Francia, el surrealismo
P.
—Volviendo atrás. En París, a partir de 1926, mantuvo usted relaciones con Aragon,
Eluard, Peret, Desnos, Tzara y casi todas las grandes figuras del surrealismo francés,
exceptuando a Bretón. ¿Era usted, entonces, un surrealista militante o no llegó
a profesar? Los críticos tampoco se ponen de acuerdo sobre este punto.
R.
—Yo
encontré en el surrealismo algo parecido a lo que buscaba en el ultraísmo: la
persecución de un más allá. Desde este punto de vista, es evidente que el
surrealismo frances me proporcionó elementos para seguir adelante. Incluso
llegué a escribir, aunque no a publicar, alguna página enteramente automática, dejando
que la imaginación caminara por sí sola, sin influencias del cerebro ni de la
mano. Eso es lo que Bretón aconsejaba, ¿no?, aunque él nunca llegase a hacerlo.
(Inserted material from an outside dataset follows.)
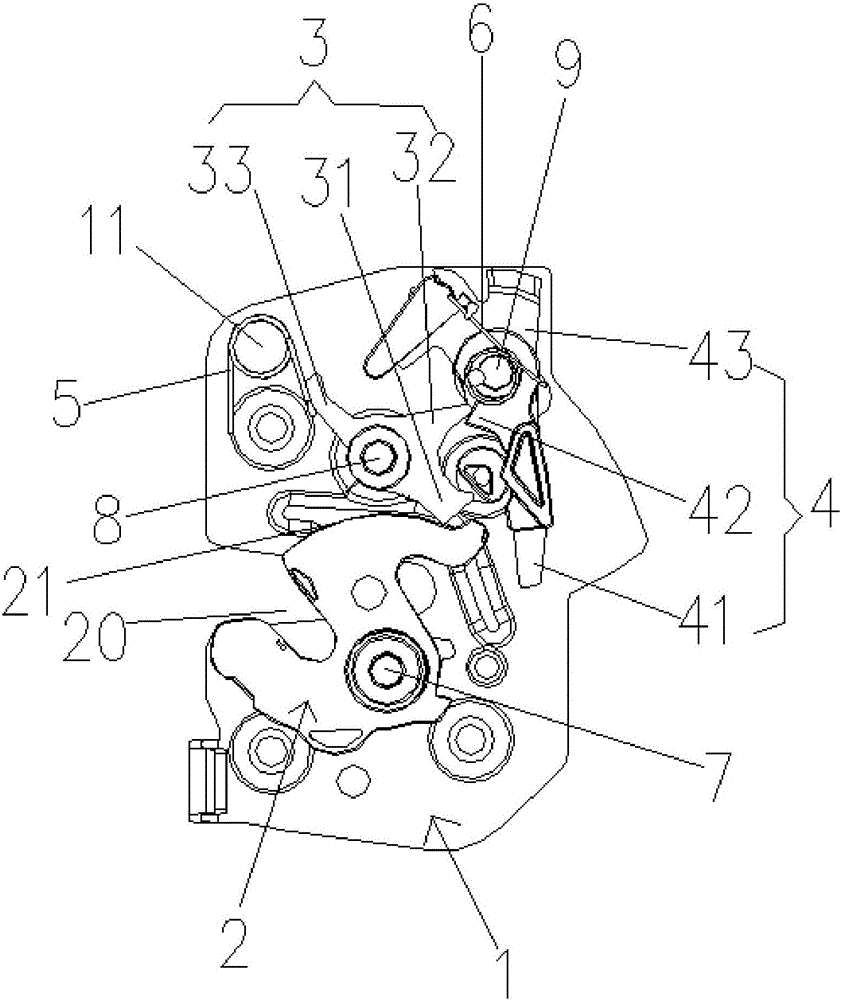 Double-pawl automobile door clock mechanism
Pero nunca me asocié al movimiento surrealista ni comulgué con él ni publiqué
en sus revistas. Tanto a Vallejo como a mí, el modo surrealista de enfocar las
cosas nos parecía superficial. Se quedaban en la cáscara.
P.—En
1928 renuncia usted al castellano como lengua poética y, a partir de entonces,
sólo escribe poemas en francés. ¿Por qué tomó esta decisión?
R.—Por
varios motivos. El ejemplo de Huidobro, que también escribía en francés, me
sugirió la idea. El francés me permitía expresar determinados matices, o
perfumes, que en castellano se me escapaban. Además, y sobre todo, yo quería
separarme de la matriz, del ambiente literario español y del lenguaje usual en
España. Intentaba, como siempre, desorbitarme. Toda mi vida ha sido eso: la
tentativa de colocarme fuera de órbita.
(Divagaciones
—o extravagario— sobre La religión del lenguaje
español, folleto publicado en 1952; sobre la revista Favorables París Poemas, cofundada con César Vallejo en 1926; sobre
la insultante Oda a Juan Tarrea, firmada
por Neruda; sobre Prisciliano, el Cid, la ruta jacobea... Sobre lo divino y lo
humano.)
América
P.—Cuarta
fecha: 1930. Cruza el charco y termina en las altiplanicies del Perú, donde —«inducido por las circunstancias», según
se lee en el prólogo a la edición española de Versión celeste— se dedica a la arqueología y llega a reunir una
valiosa colección de antigüedades que hoy se encuentra en el Museo de América.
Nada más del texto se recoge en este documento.